Given information:
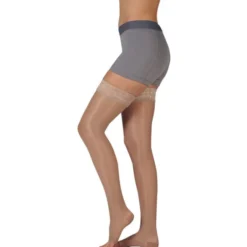 Juzo 2102 Naturally Sheer Thigh Highs w/Silicone Band 30-40 mmHg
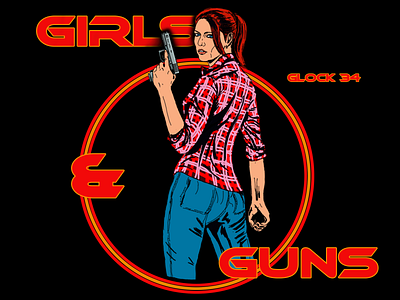 Girls & Guns Glock34 design illustration logo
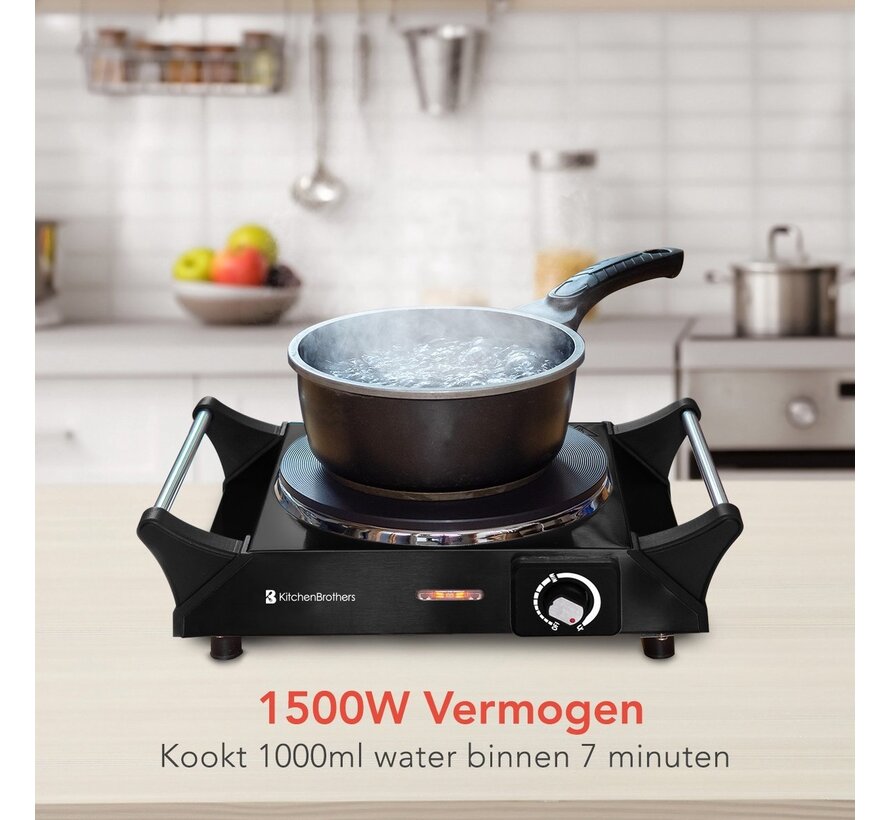Table de cuisson électrique - KitchenBrothers - 1 brûleur - 1500W - Noir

Task brief: Would you reproduce each line of the material exactly, omitting the images?

Answer:
 Juzo 2102 Naturally Sheer Thigh Highs w/Silicone Band 30-40 mmHg
 Girls & Guns Glock34 design illustration logo
Table de cuisson électrique - KitchenBrothers - 1 brûleur - 1500W - Noir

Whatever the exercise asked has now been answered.